有老师提问学生:“人生自古谁无死的下一句是什么。”学生调皮地回答:“人生自古谁无屎,谁人拉屎不用纸。”这个学生明显不好好学习,只会捣乱,他就不知道,拉屎用纸也就是最近百十年来才流行的,古人拉屎擦屁屁都是不用纸的,厕筹就是一个办法。

厕筹是什么东西?如果听说过算筹、觥筹,应该知道,筹是棍子,算筹是用来算术的,觥筹是行酒令的,从而可以推断出厕筹就是摆放在厕所的,古人再废寝忘食也不至于上厕所的时候还做数学题,还要喝酒行令,这厕筹有比做题行令更要的用处:擦*。

这种擦*的方法的专利权应该属于印度人,伟大的佛祖释迦牟尼也提倡过,有个和尚拉完屎擦*由于技术不娴熟,把*划破了,上课的时候一脸痛苦,佛祖知道后,立即更换上课内容,专门讲述了擦*的方法,佛祖说上完厕所要用厕筹仔细刮干净,不能在墙上蹭,不能用石头、青草、土块以及奇花异草。

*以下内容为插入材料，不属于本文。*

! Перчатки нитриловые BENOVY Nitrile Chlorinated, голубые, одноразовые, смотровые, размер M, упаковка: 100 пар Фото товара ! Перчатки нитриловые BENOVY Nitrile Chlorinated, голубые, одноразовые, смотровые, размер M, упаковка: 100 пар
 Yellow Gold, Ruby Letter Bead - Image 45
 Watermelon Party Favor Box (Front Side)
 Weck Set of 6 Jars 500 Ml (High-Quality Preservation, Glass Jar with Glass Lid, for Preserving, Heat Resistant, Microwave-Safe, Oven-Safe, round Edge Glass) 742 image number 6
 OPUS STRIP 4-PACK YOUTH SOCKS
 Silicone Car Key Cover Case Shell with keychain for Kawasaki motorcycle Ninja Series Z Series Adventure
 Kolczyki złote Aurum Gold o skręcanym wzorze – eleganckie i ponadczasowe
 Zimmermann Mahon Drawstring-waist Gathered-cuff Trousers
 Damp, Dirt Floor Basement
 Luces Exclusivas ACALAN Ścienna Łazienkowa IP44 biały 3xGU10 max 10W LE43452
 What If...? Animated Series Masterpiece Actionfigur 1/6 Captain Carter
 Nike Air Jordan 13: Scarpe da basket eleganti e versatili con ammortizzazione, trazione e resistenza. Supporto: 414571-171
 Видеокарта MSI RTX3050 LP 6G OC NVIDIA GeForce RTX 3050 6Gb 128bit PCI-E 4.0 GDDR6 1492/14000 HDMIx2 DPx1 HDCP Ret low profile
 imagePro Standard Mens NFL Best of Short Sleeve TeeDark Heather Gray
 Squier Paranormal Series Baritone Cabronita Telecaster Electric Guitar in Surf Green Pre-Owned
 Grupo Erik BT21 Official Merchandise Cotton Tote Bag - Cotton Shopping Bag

而且对于厕筹的具体用料规格佛祖也作出专门的规定:“所应用者,木竹苇作筹。度量法,极长者一磔,短者四指。”令人不得不佩服佛祖的细致入微。

汉朝时随着佛教的传入,这种先进的擦*技术也流入我国,尤其受到上层社会的追捧,很多帝王将相都对这种“洋货”十分青睐——真没有想到,我们崇洋媚外的传统竟然是从擦*开始的。

如《北齐书》记载北齐皇帝高洋就用厕筹,而且所用厕筹都要宰相杨愔亲自为他削好送来,他拉屎的时候,就让宰相杨愔捧着厕筹站在一边,这创意明显是抄袭孙皓用金人捧厕筹的做法,不过高洋活学活用了。或许认为杨愔这宰相也真够窝囊的,但官场的事情不能以常理度之,因为厕筹是领导的私人用品,能为领导干这些私事说明领导的信任,难怪杨愔一直辅佐高洋到死。

不过和南唐后主李煜比起来,宰相削厕筹实在没什么大不了的,这个浪漫诗人李煜以帝王之尊带着他的夫人小周后穿戴僧衣僧帽亲自为僧人削厕筹,这还不算,削好厕筹,怕损害僧人们高贵的*,夫妻二人亲自拿厕筹在脸上蹭拭一番,稍有芒刺,并再加修整。大概是他如此虔诚感动了佛祖,佛祖成就了他的业余爱好,用他的诗词为汉语世界添了几分凄美。

在唐朝,厕筹还成了军需物资,唐德宗时的著名画家韩滉当节度使的时候非常认真,为部队供给物品,哪怕细致如厕筹这样的物品他都要一一记录,唯恐遗忘。一个艺术家能做官做到如此细致的地步真是难得。李煜若能如此,或许还能多在赵匡胤的卧榻之旁多酣睡几年。亏他还自命唐皇,居然连一个节度使都学不来。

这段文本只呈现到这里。